You’d think Judge John Roberts and Chief Justice John Roberts had never met.  According to Judge John Roberts, “judicial self-restraint is the key check on the authority of the court.”  Judges must not “look to [their] own values and beliefs” when interpreting the Constitution; they must “look outside [themselves] to other sources.”  Chief Justice John Roberts seems to have forgotten that.  Because when the Court struck down campaign finance legislation that establishes aggregate contribution limits this week in McCutcheon v.
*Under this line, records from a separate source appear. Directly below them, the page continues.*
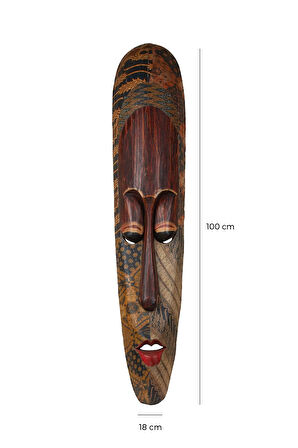 Dekoratif Duvar Objesi Ahşap Aborjin Maske  18 cm x 100 cm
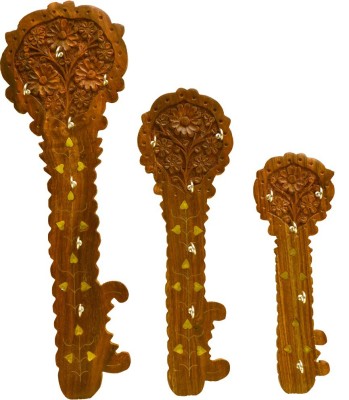 Santarms Set of 3 in 1 Wood Key Holder(17 Hooks, Brown)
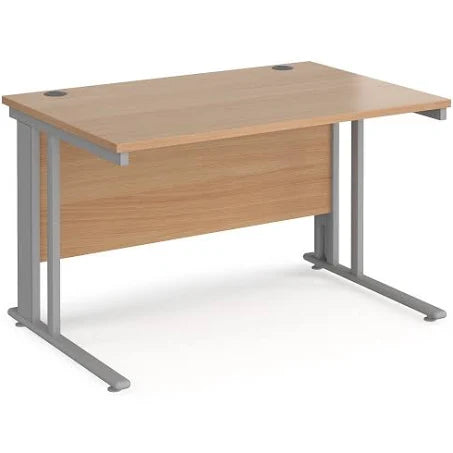 Maestro 25 Straight Desk 1200mm x 800mm - Silver Cable Managed Leg Frame, Beech Top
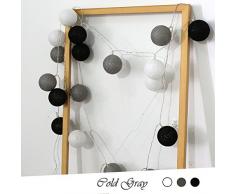Cadena de Luces para Algodón Bola, Morbuy 4m USB Decorativas LED 20 Lámpara de Tira Bola Hada Noche Luz Para Bebe Casa Dormitorio Decoración Boda Fiesta De Cumpleaños Navidad (Gris frío)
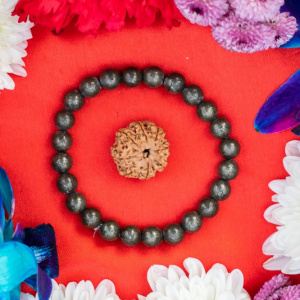 Image of 8 Mukhi Nepali Rudraksh + Golden Pyrite Bracelet (For Business Growth)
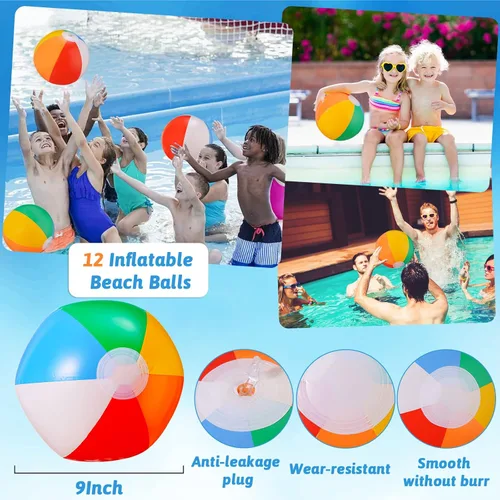 Miniatura 2 de SCIONE Paquete de 12 pelotas de playa inflables de 9 pulgadas para niños, juegos de agua de verano, temática tropical hawaiana, decoraciones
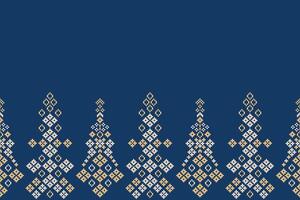 Ethnic pattern motif blue background cross stitch fabric pattern with ethnic pixel art. vector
FEC, it acted on the basis of its own beliefs about the consequences of striking down the limits, rather than empirical evidence in the record of the case.  As Justice Breyer pointed out in dissent, the majority’s decision “rests upon its own, not a record-based, view of the facts,” “substitut[ing] judges’ understandings of how the political process works for the understanding of Congress.”

 

This will likely come as a surprise to no one but the Chief Justice and his conservative colleagues, but it turns out that Congress understands more about how the political process works than judges.  According to the Court, Congress may pass campaign finance laws only to target a “specific type of corruption—‘quid pro quo’ corruption,” and “[s]pending large sums of money in connection with elections . . . does not give rise to such quid pro quo corruption.”  The first conclusion ignored the text and history of the Constitution, while the second ignored the way money operates in the real world of politics.

 

Tellingly, there is no evidence in Chief Justice’s opinion to support the empirical claim that spending large sums of money does not give rise to corruption.  As Justice Breyer noted in dissent, the Court’s decision instead rested on assumptions about how money in politics influences government, and there were “important differences of opinion on [these] fact-related matters” between the plurality and the dissent.  Justice Breyer urged the Court to “return the case” to the district court for further “evidentiary development”; as he notes, “[a]n evidentiary proceeding would permit the parties to explore these matters, and it would permit the courts to reach a more accurate judgment.”  Basically, according to Justice Breyer, the Court needed more information about the way money operates in politics and the consequences of striking down the aggregate contribution limits before it could decide the case.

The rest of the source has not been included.